Las carpas las acomodábamos arriba de ese arrecife, con una vista que no se podía creer. Hoy creo que es propiedad privada, alguna vez volví, pero nadando; contra toda norma no se podía caminar por el borde del acantilado. En rigor de verdad ya en aquél entonces habían puesto un alambrado cercando lo que hoy es el Club de los Balleneros. Pero no le dábamos pelota ni al alambrado, ni al vigilante que venía a ahuyentarnos con una escopeta de chumbos (suponíamos). También nos amenazaba con dos preciosos doberman que lo acompañaban, pero nosotros boleábamos la pata y seguíamos de largo, tras asegurarle que si nos chumbaba los perros se los matábamos con las manos. Y seguro que se los matábamos nomás, porque éramos tres, pero muy jóvenes, muy entrenados y muy inconscientes. Lo único que queríamos era continuar nuestro camino por el borde del acantilado, con el sagrado supuesto de que el paisaje no se puede privatizar.

Las nuestras eran carpas caseras, pero aguantaban las frecuentes pamperadas del verano. Del otro lado había otra gruta que tenía entrada por el mar y, trepando en la oscuridad, podía llegarse cerca del campamento. No éramos los únicos que acampábamos allí. Escarbando al pie de los árboles encontrábamos calderas y ollas improvisadas y hasta algunos fósforos encapsulados en parafina. Las dejaban para nosotros y nosotros retribuíamos dejando lo mismo y hasta algún sobrante de arroz.

Algunos pescaban, otros salíamos a Portezuelo a recoger esas almejas de las que hablaba Alberto o a arrancar algunos mejillones de las rocas. Un poco de arroz y salsa de tomate los transformaban en un festín. No existían los caldos en cubitos pero conseguíamos unos frascos de caldo granulado y siempre estaba el corned beef y las latitas de paté para proveer proteína convencional.

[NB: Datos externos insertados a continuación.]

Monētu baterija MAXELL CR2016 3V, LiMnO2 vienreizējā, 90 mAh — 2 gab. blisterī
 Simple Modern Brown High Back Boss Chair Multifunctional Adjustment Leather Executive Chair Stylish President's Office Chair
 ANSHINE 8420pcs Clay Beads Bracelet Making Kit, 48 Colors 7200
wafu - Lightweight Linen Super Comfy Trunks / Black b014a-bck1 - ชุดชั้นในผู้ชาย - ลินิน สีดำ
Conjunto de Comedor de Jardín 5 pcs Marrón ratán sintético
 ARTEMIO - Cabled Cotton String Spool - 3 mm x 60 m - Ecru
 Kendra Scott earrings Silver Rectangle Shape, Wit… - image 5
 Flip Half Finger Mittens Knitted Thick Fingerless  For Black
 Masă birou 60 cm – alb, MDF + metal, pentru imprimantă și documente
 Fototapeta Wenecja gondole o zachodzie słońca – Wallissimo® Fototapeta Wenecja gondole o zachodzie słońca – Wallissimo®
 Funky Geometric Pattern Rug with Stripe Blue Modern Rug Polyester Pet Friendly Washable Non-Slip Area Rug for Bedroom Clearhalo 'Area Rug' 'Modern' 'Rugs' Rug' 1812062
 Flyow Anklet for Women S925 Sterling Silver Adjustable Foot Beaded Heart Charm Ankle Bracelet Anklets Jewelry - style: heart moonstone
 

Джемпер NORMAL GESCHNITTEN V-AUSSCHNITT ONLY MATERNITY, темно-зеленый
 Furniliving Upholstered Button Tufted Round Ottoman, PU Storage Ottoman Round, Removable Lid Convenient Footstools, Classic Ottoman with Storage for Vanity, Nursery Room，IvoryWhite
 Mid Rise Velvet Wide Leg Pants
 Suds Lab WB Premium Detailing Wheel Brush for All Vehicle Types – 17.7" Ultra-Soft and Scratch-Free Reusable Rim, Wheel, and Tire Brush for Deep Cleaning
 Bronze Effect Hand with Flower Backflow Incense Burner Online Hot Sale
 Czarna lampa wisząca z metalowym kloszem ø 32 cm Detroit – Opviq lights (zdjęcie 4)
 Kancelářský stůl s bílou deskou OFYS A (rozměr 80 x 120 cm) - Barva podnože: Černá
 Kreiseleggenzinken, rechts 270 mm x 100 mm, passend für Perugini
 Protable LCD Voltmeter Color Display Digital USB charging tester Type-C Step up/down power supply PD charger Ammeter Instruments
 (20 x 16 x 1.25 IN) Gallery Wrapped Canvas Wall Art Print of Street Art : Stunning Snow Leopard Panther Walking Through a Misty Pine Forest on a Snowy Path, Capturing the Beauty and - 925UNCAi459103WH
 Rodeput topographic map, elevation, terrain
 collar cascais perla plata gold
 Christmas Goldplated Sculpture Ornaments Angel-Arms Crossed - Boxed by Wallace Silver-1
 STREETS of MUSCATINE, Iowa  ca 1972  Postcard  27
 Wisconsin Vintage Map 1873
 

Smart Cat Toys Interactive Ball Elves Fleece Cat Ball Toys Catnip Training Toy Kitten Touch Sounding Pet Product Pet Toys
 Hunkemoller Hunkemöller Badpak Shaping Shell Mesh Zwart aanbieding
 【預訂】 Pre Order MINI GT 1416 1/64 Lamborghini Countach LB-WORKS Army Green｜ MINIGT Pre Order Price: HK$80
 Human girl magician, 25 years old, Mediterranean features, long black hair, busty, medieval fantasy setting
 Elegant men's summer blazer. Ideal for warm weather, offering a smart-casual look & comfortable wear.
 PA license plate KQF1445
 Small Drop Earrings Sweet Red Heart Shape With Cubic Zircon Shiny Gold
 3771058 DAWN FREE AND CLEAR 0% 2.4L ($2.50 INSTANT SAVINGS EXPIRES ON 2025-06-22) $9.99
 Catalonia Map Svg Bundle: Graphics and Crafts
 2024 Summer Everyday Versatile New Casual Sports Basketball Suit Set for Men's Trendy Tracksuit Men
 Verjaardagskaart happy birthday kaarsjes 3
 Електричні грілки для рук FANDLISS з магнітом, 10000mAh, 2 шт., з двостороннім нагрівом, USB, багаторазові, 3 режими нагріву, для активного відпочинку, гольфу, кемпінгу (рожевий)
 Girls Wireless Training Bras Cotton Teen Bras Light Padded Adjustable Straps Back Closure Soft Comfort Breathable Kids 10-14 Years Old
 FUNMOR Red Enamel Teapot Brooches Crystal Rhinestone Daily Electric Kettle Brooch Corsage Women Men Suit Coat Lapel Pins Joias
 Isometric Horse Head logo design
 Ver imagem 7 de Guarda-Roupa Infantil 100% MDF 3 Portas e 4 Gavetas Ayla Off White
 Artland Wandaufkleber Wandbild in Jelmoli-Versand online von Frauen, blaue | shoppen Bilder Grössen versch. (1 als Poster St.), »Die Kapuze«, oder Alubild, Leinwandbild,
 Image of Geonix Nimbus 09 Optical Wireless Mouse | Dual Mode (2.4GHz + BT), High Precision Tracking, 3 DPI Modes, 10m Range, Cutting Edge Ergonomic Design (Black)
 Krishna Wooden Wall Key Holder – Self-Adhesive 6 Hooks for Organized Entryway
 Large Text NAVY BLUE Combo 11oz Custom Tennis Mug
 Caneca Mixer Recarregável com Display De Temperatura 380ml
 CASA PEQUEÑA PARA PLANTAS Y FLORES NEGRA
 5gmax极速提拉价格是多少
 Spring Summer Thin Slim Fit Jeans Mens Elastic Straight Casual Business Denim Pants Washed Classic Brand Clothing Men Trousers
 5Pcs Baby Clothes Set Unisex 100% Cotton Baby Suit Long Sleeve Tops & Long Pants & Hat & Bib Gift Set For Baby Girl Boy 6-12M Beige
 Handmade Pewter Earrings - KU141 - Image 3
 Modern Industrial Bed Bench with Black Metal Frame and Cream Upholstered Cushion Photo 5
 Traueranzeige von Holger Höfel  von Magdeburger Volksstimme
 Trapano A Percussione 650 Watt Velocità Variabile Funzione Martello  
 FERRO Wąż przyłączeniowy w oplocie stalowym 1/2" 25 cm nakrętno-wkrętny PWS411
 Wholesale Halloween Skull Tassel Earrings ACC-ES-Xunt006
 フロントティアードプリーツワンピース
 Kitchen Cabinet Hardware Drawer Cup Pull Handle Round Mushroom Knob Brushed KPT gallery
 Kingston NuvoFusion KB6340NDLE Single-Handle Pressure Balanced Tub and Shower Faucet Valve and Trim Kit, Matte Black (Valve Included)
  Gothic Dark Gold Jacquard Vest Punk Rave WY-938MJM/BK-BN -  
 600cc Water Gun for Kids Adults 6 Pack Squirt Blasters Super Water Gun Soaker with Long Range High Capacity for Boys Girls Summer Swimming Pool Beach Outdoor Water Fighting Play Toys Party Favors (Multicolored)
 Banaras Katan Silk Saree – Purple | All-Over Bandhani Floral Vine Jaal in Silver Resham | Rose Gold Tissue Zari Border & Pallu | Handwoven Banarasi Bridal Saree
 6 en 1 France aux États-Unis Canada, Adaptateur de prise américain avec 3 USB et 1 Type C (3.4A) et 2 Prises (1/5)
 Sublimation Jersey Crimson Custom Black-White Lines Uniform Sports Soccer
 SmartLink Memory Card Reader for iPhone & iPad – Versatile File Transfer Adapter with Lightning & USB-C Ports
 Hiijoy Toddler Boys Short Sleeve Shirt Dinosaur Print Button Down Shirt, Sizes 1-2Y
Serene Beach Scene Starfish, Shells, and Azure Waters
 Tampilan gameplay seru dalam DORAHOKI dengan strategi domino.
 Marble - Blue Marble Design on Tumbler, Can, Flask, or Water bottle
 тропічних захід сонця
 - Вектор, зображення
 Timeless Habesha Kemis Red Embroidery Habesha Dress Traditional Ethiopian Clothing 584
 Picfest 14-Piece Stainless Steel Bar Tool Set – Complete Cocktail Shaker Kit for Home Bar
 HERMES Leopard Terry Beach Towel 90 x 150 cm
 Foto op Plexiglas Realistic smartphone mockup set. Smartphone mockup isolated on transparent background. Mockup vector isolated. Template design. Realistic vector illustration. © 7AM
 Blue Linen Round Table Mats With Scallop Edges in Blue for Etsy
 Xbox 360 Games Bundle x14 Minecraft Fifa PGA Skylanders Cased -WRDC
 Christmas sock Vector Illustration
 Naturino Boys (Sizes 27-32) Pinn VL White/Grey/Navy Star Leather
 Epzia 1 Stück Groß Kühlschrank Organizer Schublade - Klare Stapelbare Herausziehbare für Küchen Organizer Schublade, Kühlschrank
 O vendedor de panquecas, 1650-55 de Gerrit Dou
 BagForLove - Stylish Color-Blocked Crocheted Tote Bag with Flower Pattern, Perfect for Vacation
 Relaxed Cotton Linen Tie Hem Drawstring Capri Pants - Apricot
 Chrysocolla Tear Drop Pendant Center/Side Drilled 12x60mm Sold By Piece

A las galletas de campaña también había que enterrarlas porque merodeaban las comadrejas y algunos otros bichitos con los que convivíamos en armoniosa competencia. Y yo me sabía todo sobre yuyos salvajes comestibles, como la lengua de vaca.

Hay una aventura que todavía puede correrse, pero hay que ser buen nadador. Salís temprano en la mañana desde la Rinconada y le das vuelta nadando a toda la Punta Ballena. No parece tanto, pero son más de tres kilómetros en ida y vuelta. La aventurita tiene la incomodidad de que en muchos lugares se hace muy difícil trepar a las rocas para descansar, pero también la ventaja de que no hay mucha profundidad, algo así como dos metros y medio con bastante arena de fondo. Con suerte regresás a tiempo para el almuerzo. No dejes de llevar el snorkel y si te es posible, una cámara fotográfica sumergible. Y estate atento, porque nunca falta quien anda haciendo caza submarina y te lo encontrás de frente apuntando con el rifle de aire comprimido. En serio, a mí me pasó.

Otra cosa que me pasó, fue encontrarme con un desfile de aguas vivas gigantescas, todas ordenaditas como si fuera una parada militar, justo en la línea que separaba el agua fría con una corriente de agua cálida que estaba entrando en la rada desde el norte. Desde abajo, traslúcidas por el sol, eran un paisaje que sobrepasaba la imaginación de Dalí. Y danzaban armoniosamente como animadas por una música que sólo ellas podían escuchar.